Para tratar a água do rio, as cidades primeiramente teriam que aplicar uma carga extra de coagulantes (de origem química ou vegetal) para separar a água da lama.

Essa técnica já tem sido usada no município de Governador Valadares (MG), também em crise de abastecimento por causa da lama.

No passo seguinte, depois do coagulante, a água do rio já separada da lama deveria ser submetida a um processo de tratamento tradicional, em estações que já existem.

Na última etapa, para que se afaste o risco de uma eventual contaminação por metais pesados, a água deveria ser submetida a um novo processo de limpeza: aí sim pelos chamados "superfiltros".

Infográfico: Entenda o supertratamento de água

A depender da quantidade de metal solúvel contida na água, a técnica poderia ser de ultrafiltração ou osmose reversa (mais intensa, capaz até de retirar metais pesados).

Até agora, a ANA (Agência Nacional de Águas) disse não ter encontrado amostras de metais pesados nas análises das águas do rio Doce.

A Prefeitura de Governador Valadares (MG), a mais de 300 km do local do acidente e no caminho da lama, também disse que não ter encontrado vestígios de metais pesados e que apenas o uso do coagulante e do tratamento tradicional tem sido suficiente para torná-la potável.

"Mas a vigilância será constante", disse o químico responsável pela água local.

Para Eduardo Cleto Pires, especialista em tratamento de água da USP de São Carlos, por segurança deve ser investigada intensamente a presença de metais pesados.

"E, caso tenha [metais pesados], o tratamento terá que ter até osmose reversa", diz, sobre a técnica usada para tornar a água do mar potável.

No Brasil, ela já é usada para tratar 48 mil litros de água do mar por hora em Fernando de Noronha, após investimento de R$ 20 milhões.

Outra técnica, mais barata, é a ultrafiltração, tecnologia comum na indústria e cada vez mais usada para abastecimento público, como em São Paulo e Bertioga.

É mais eficiente do que o tratamento convencional na filtração de metais e ainda é capaz de barrar vírus e bactérias. "O uso de membranas é completamente viável do ponto de vista técnico, econômico e ambiental", diz o professor José Carlos Mierzwa, da Poli-USP. "Seria a modernização do tratamento."

A Samarco já procurou diferentes empresas fornecedoras de membranas ultrafiltrantes, mas diz que, por ora, essa técnica não é necessária.

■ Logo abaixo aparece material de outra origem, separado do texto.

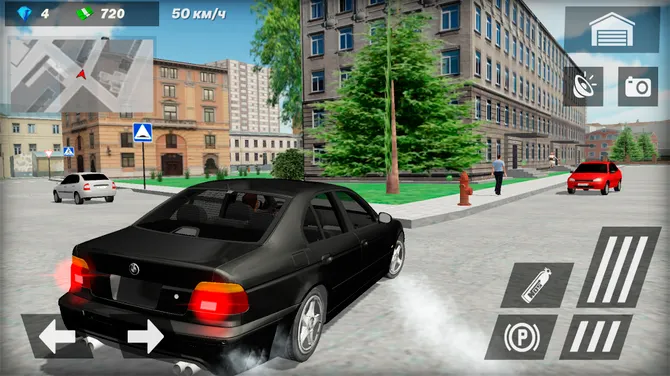 Скриншот 4/4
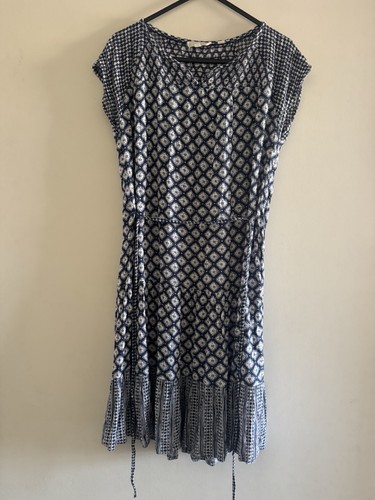Women fatface mid - women’s, v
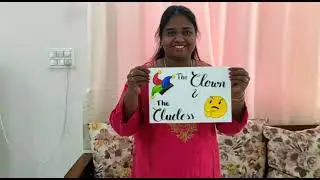 Quarantine Virtual fest - faculty tribute to students..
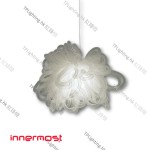 innermost_Kapow_innermost lighting pendant 吊燈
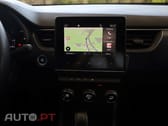 Renault Arkana 1.6 E-Tech Business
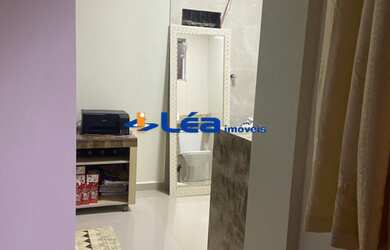 Imagem 3: CASA RESIDENCIAL em ITAQUAQUECETUBA - SP, VILA URSULINA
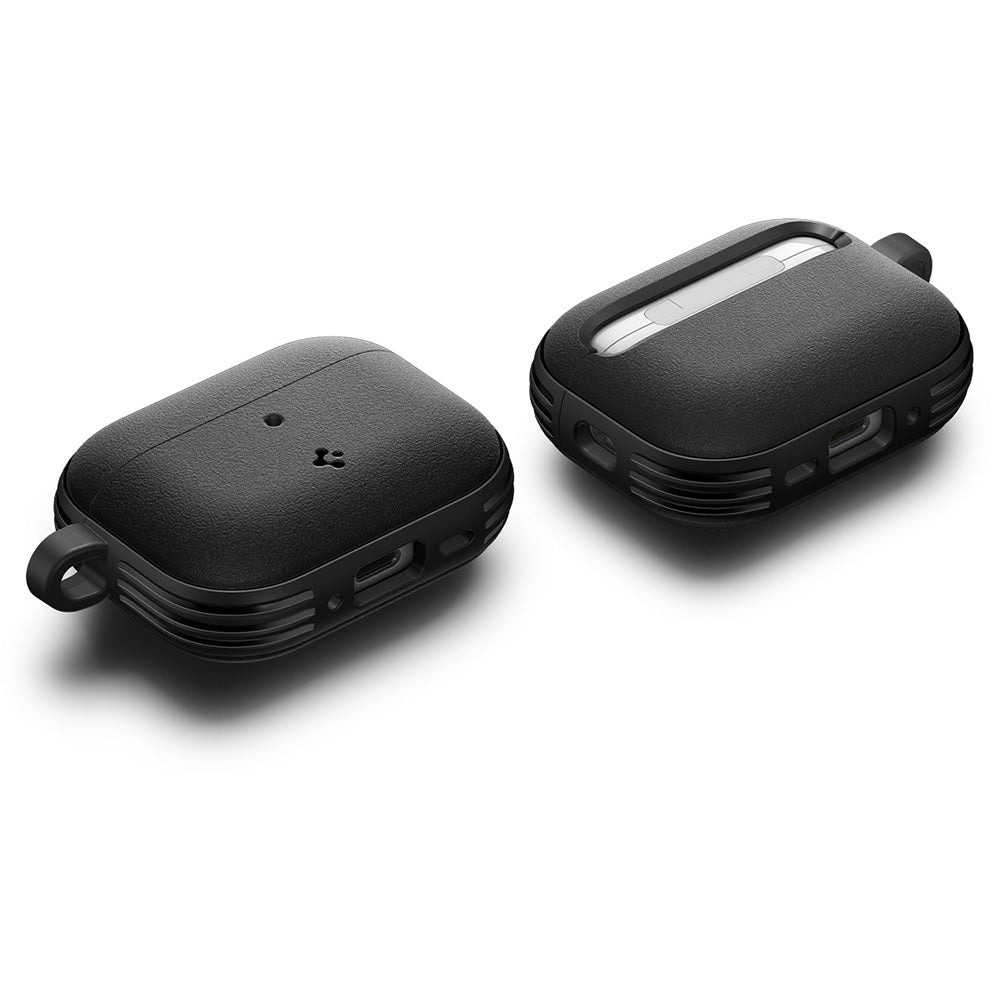Spigen Airpods Pro 3 Vault -質感保護殼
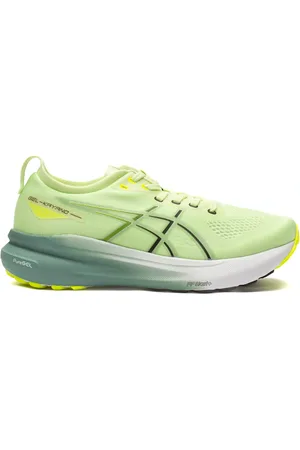 Asics Tênis Gel-Kayano 31 Masculino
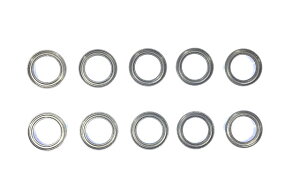 ylR|XΉzXNGA(SQUARE)/SBR-1280-10/nCX^_[hxAO1208ZZ(8mm×12mm×3.5mm) 10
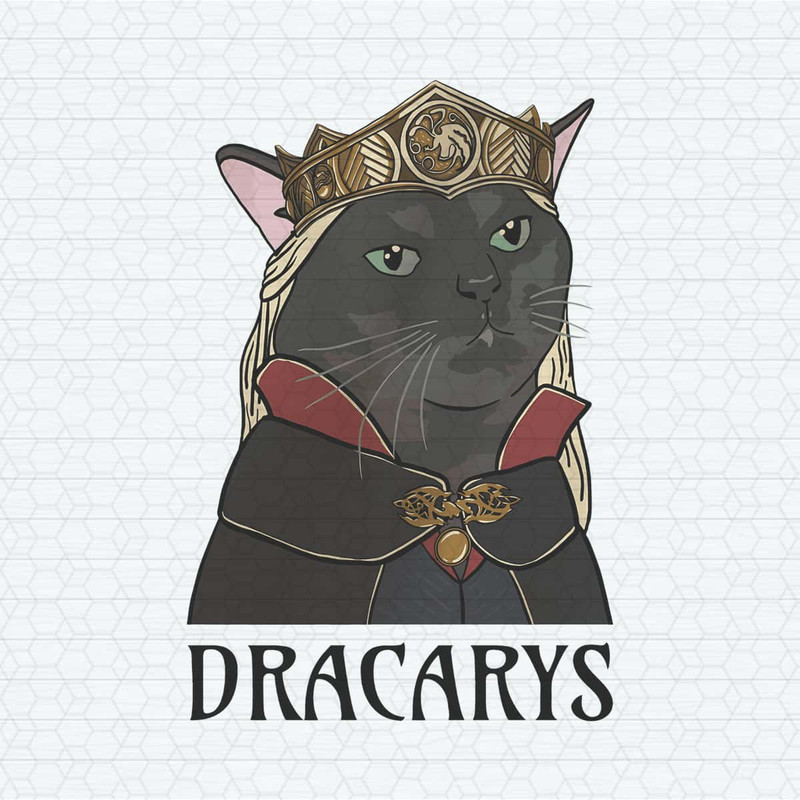 ChampionSVG-Zoned-Out-Black-Cat-Dracarys-Png.jpg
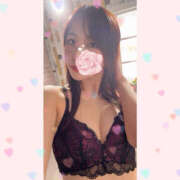 ヒメ日記 2025/11/02 09:18 投稿 まお ハピネス札幌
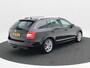 Skoda Octavia Combi 1.0 TSi 115 Pk Automaat Ambition Business | Trekhaak | Navigatie | CarPlay | Stoelverwarming | 17 Inch | 85.572 Km!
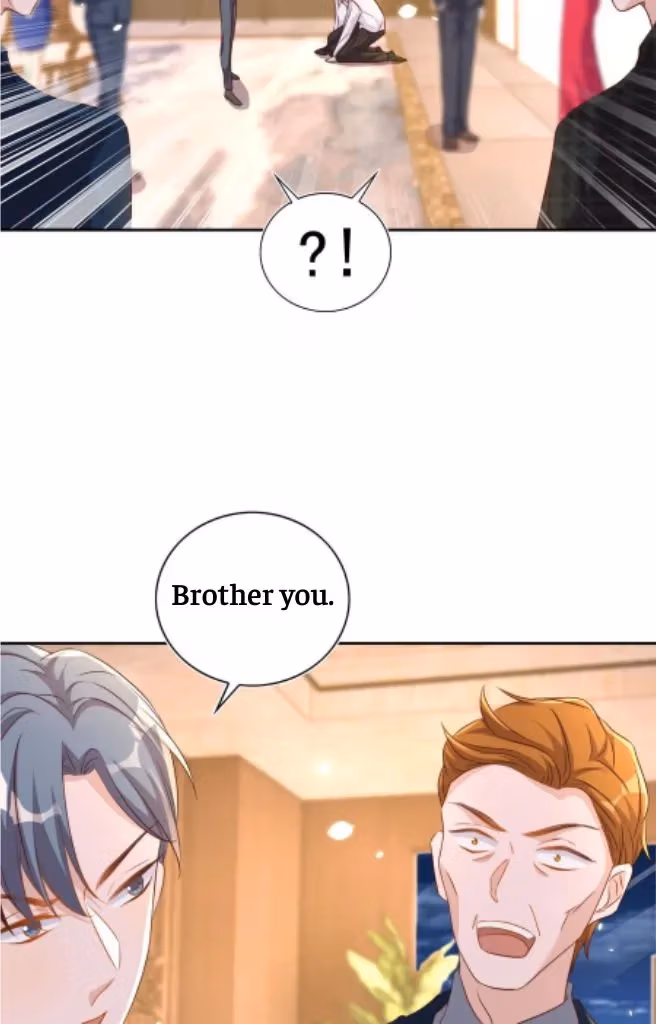 Read Stop Bothering Me, Emperor! chapter 89 image 20 on Lezhin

Um dos entraves pode ser o tempo de construção de novas estruturas, que pode demorar alguns meses. No entanto, já há fornecedores que vendem ou até alugam estruturas desse tipo, que chegam montadas, em contêineres.

Esse serviço de aluguel de estações é usado, por exemplo, em campos de refugiados, campos de guerra e plataformas petroleiras.